BEGIN Input data

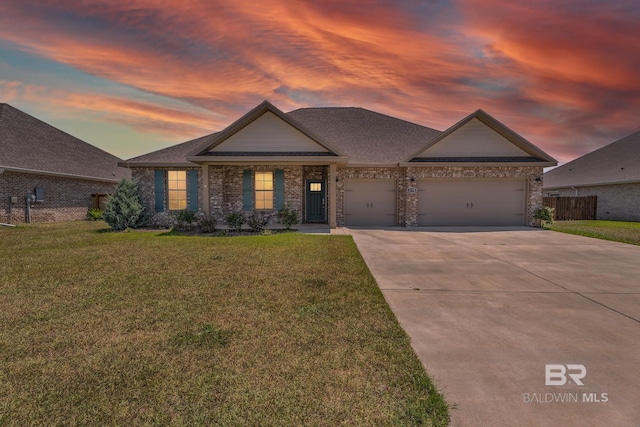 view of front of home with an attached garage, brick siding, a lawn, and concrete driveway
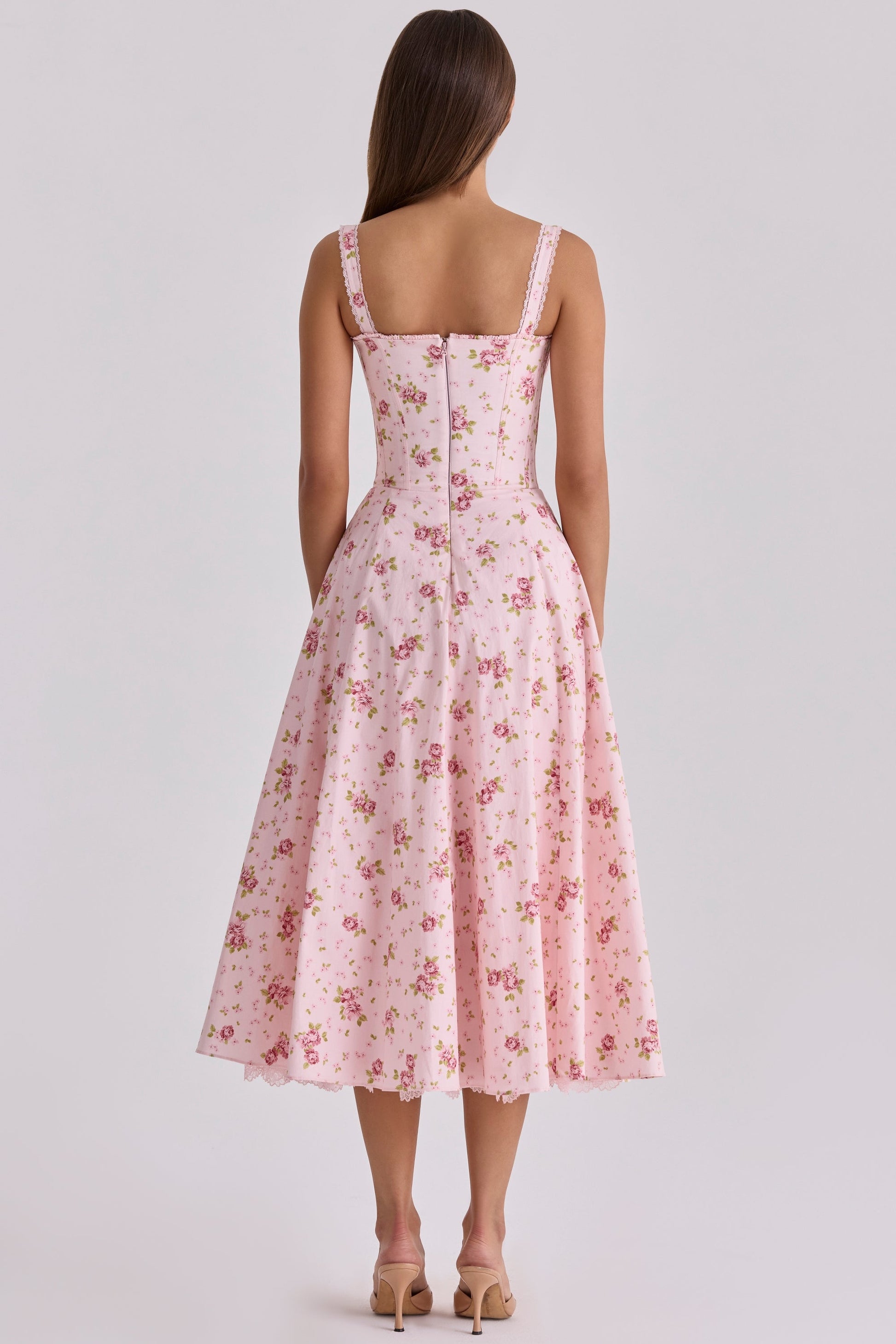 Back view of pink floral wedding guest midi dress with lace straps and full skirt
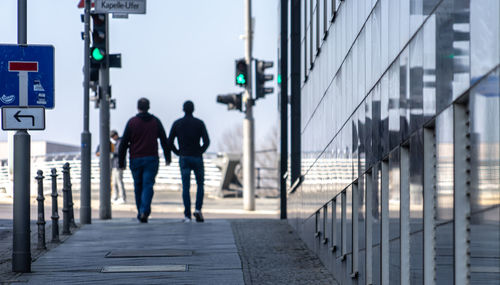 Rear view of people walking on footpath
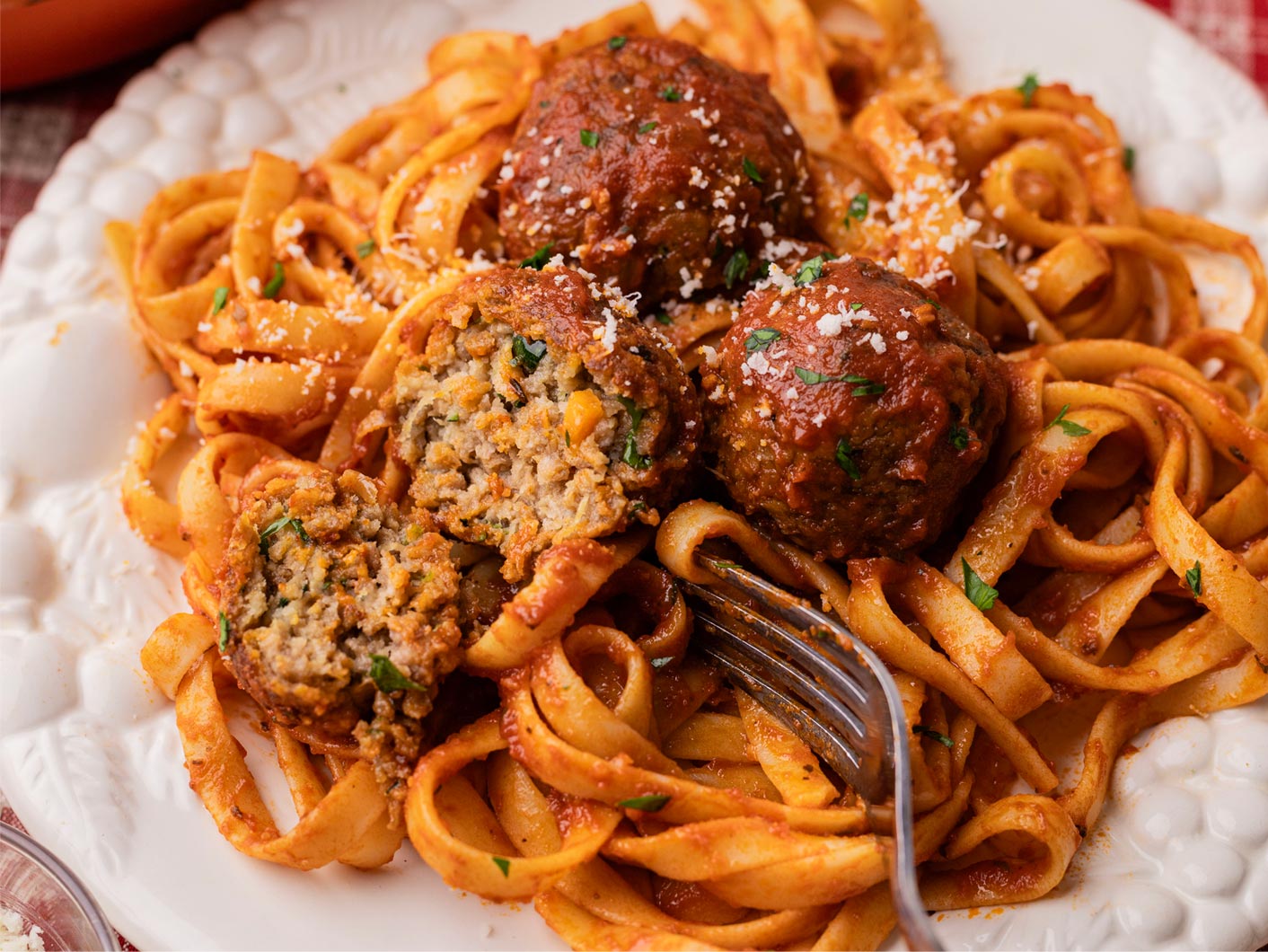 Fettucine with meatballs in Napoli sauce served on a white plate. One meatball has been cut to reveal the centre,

END Input data
BEGIN Input data

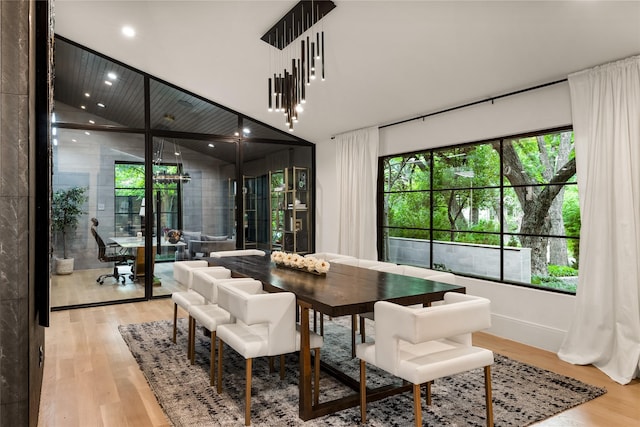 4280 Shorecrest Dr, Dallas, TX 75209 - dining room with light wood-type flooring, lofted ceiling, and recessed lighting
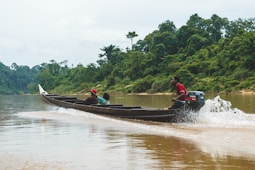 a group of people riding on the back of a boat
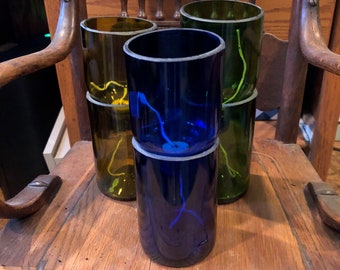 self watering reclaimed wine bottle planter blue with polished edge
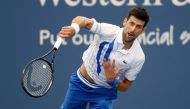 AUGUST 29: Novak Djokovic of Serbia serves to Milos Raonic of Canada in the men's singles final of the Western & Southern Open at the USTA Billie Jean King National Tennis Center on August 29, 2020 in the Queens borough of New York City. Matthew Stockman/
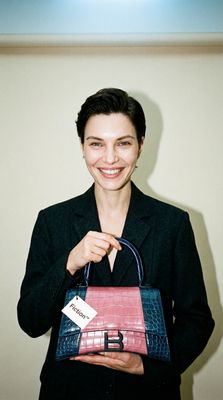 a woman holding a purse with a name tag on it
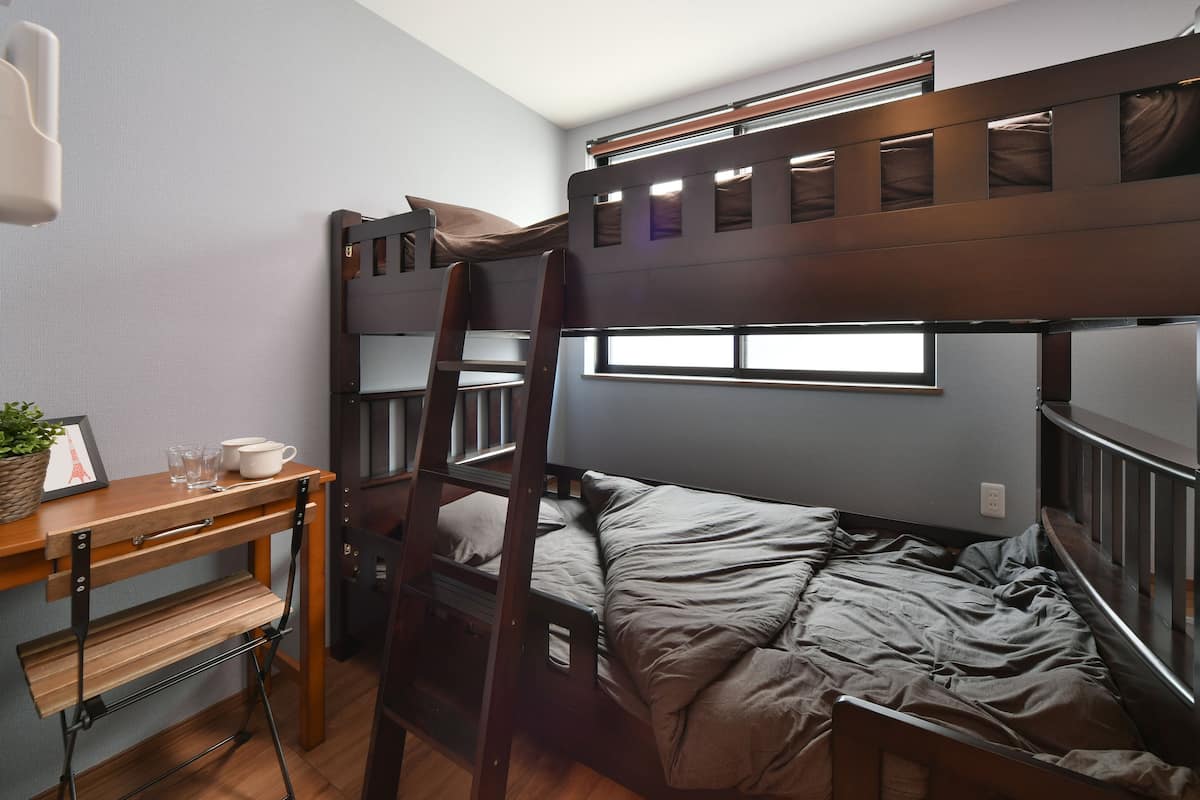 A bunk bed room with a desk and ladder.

END Input data
BEGIN Input data

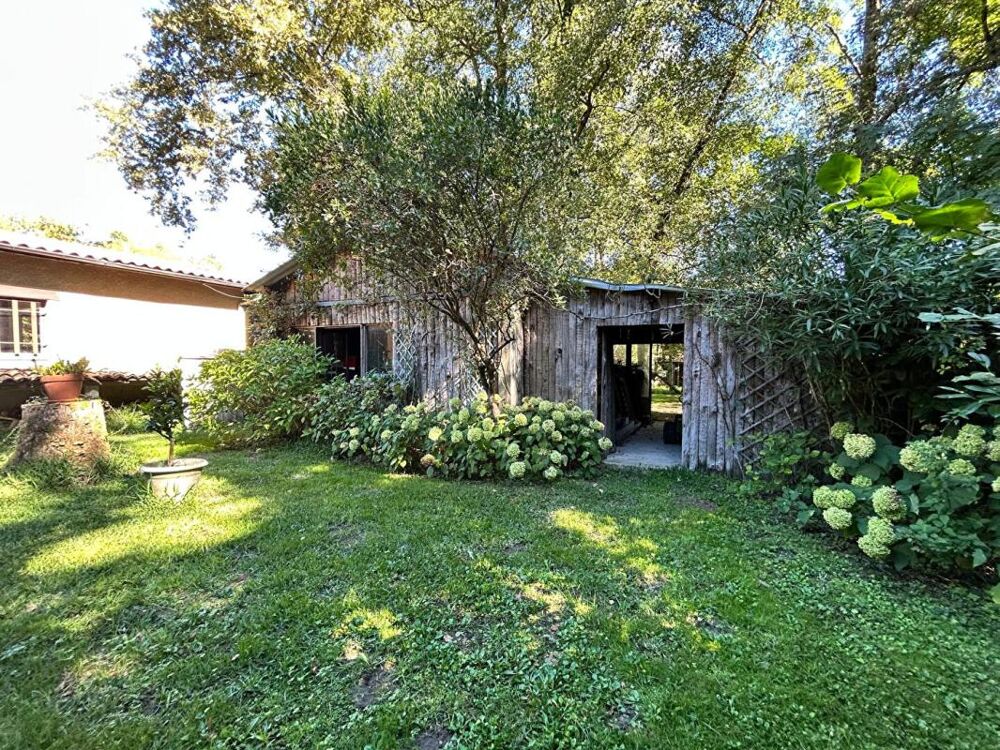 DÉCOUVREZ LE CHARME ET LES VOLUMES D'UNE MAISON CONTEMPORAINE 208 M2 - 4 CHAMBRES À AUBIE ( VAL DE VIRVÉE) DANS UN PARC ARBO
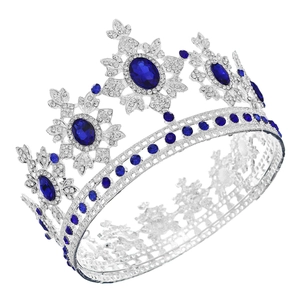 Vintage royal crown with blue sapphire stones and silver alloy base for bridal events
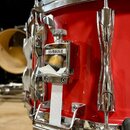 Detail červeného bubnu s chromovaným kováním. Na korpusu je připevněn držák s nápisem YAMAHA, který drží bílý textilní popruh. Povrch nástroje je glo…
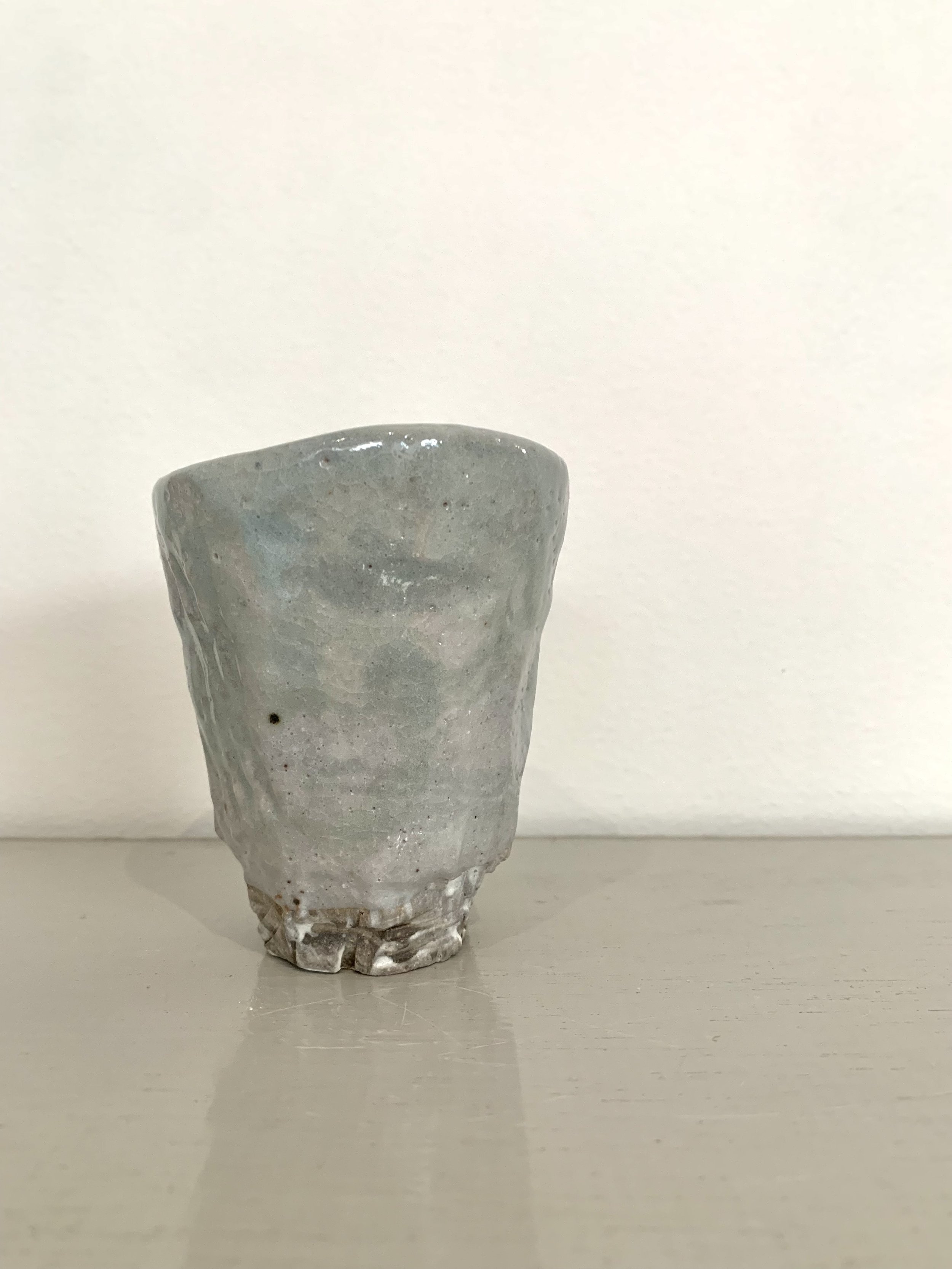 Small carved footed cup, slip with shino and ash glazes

END Input data

• **Directions for this task**
Your answer should be the lines above, word for word, from the line with "Rear view of people walking on footpath" through the line with "Fettucine with meatballs", minus the pictures.

• **Task answer**
 Rear view of people walking on footpath
 Fettucine with meatballs in Napoli sauce served on a white plate. One meatball has been cut to reveal the centre,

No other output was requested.